It's Not Enough to Bear Witness
Two days after the Supreme Court of the United States took this country backwards, with one of the more extreme justices stating that he wished to also examine the constitutional right to same-sex marriage and contraception, I found myself having the same conversation over and over.
As a newly arrived foreigner, not yet an immigrant, what are my options?
It is natural to map injustice to your personal situation, to see how exactly something impacts you. If it is no longer a constitutional right to be in a same sex marriage, then I cannot be here. I cannot be here. A same sex marriage between two foreigners would have no immigration or other rights; I literally cannot live in a country like that. We are not there yet, though we may be.
Fight or flight kicks in. You look for the exit. If you have a powerful passport, like I do, you have many exits.
It becomes unbearable to listen to the naysayers.
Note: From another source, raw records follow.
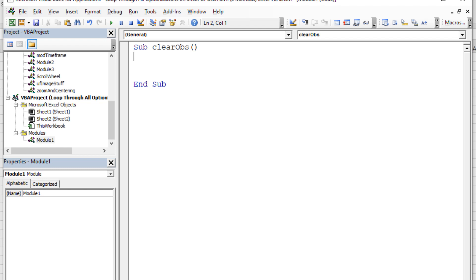We're going to touch on the Object Browser, the Immediate window, and the Watch window. We know we need a For loop — For Each something, or For X equals 1 to something. In a user form it's easier because everything is within UserForm.Controls. On a worksheet it's a little different — we need to find the right collection. We know it's in Sheet1, but what property do we use?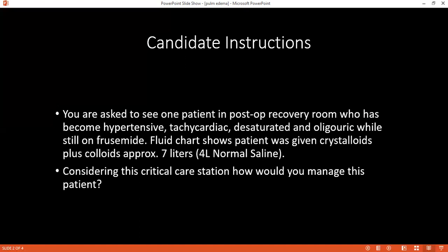Post-operative fluid should be given according to the patient's body weight and after checking the patient's vitals. In this case, seven litres is more than the requirement.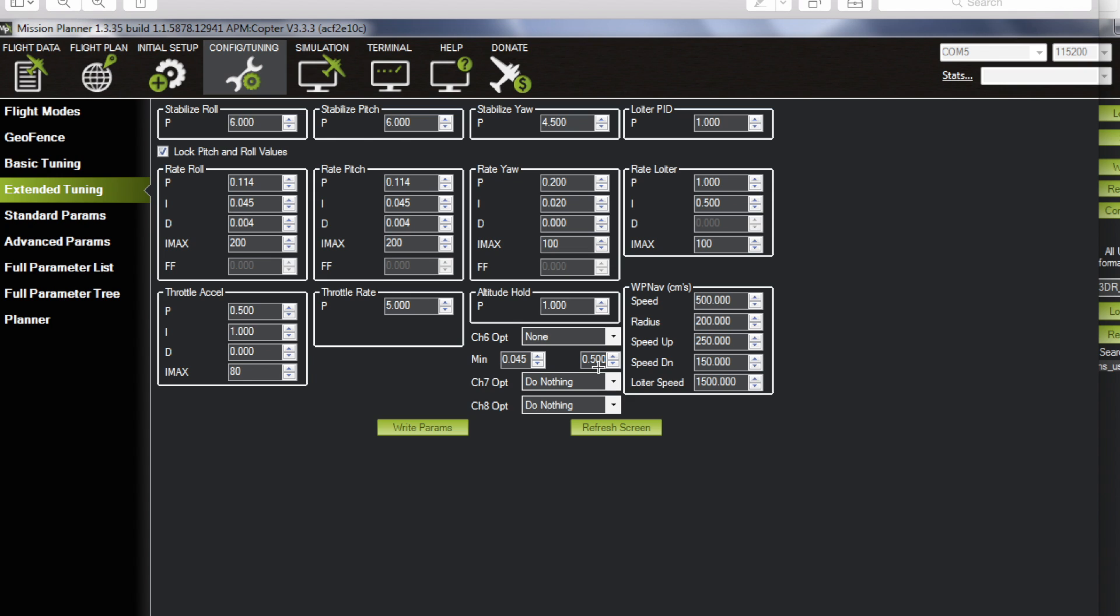You'll want to write those parameters and make sure they're attached to a slider, not a switch, so that you can slowly bring that slider up to where you see oscillation. Once you're done with your D gains you'll make sure that you save those parameters and then you'll move on to your P gains. You can see these are the values that I came up with but let me show you quickly what that looks like in the air.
Not the people who are working behind the scenes to wreak havoc on others'—no, we should not be listening to those people anyway—but to the people who witness each injustice, and instead of being alarmed or upset, spend all of their energy being upset at our reaction to injustice instead. It won't be that way. It's not so bad. Things are fine. Calm down.
I am never calming down.
I am not leaving either.
This is not a story about how it's important to stay and make the change. The individualistic concept of making change on your own fails to consider the overall systemic power imbalance at play, the same one that breathed life into injustice and turned them into policy.
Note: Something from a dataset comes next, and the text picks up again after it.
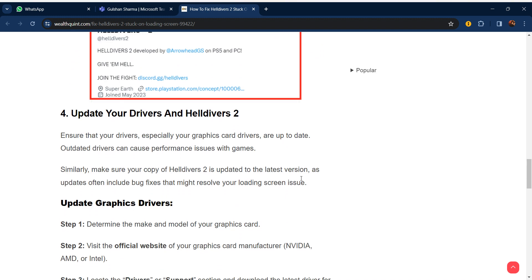Our fourth step is update your drivers and Helldivers 2. Ensure that your drivers, especially your graphics card drivers, are up to date. Outdated drivers can cause performance issues with games. Similarly, make sure your copy of Helldivers 2 is updated to the latest version, as updates often include bug fixes that might resolve your loading screen issue.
For many Americans with the privilege to go elsewhere and start anew, whether it's because of jobs that let them work remotely, or because they have documented ancestry in countries that are now able to provide them with second or third passports, leaving is very much a personal decision. If you can manage it, seeing the world outside the US is always rewarding.
Yet as someone who has left multiple countries and homes in search of the next, I will simply say that being far from the problems of home is not the same as those problems not existing. Removing yourself from the epicenter is essential at times to regroup and reframe. Problems compound. No matter how faraway you are, you know they are there. If you have the privilege of deciding that you will never have problems again, that's good for you, too.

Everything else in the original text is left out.